Speaking of maintaining your alignment while dancing with someone else, I always tell my tango students not to sacrifice their posture for anything or anyone. This means you don't contort yourself to execute an awkwardly placed gancho and you don't dance hunched over because you are taller than your partner. You also don't lean forward in order to retain a close embrace; if you or your partner can't execute a move in close embrace while standing up straight, either open the embrace or forego the move; do not sacrifice your posture.
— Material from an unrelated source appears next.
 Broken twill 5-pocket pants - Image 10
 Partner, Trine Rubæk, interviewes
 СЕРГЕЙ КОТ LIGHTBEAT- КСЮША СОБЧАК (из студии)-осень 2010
And speaking of close embrace, there are slight sacrifices in alignment to be made when dancing in a close, milonguero-style abrazo. But when I say slight, I mean it. Because we are looking for physical connection between our own torso and that of our partner, our rib cage may sit a tiny bit forward in relation to the pelvis. However, if we make sure to keep our hips over our heels and not to thrust our heads forward, the adjustment in the upper body in order to reach our partner will be slight, and should re-adjust itself automatically as soon as we release the close embrace. If the leader keeps his hips back over his heels, he should not have to lean forward at all to achieve close embrace. It is up to the follower to reach forward and find the connection with her partner. But again, if her lower body is correctly positioned, there will be little reaching necessary. Also, any forward reach should be accompanied by an upward stretch in the torso, which will lengthen the spine and prevent us from leaning in an uncomfortable or unhealthy way.
Of course, all this work on your posture and alignment will help to carry you through life with less pain, fewer back problems and better overall health. So improving your posture and alignment for tango will have benefits that reach far beyond the dance floor.
Posture might just be the most important element in our dancing.
Then again, musicality is super-important, too.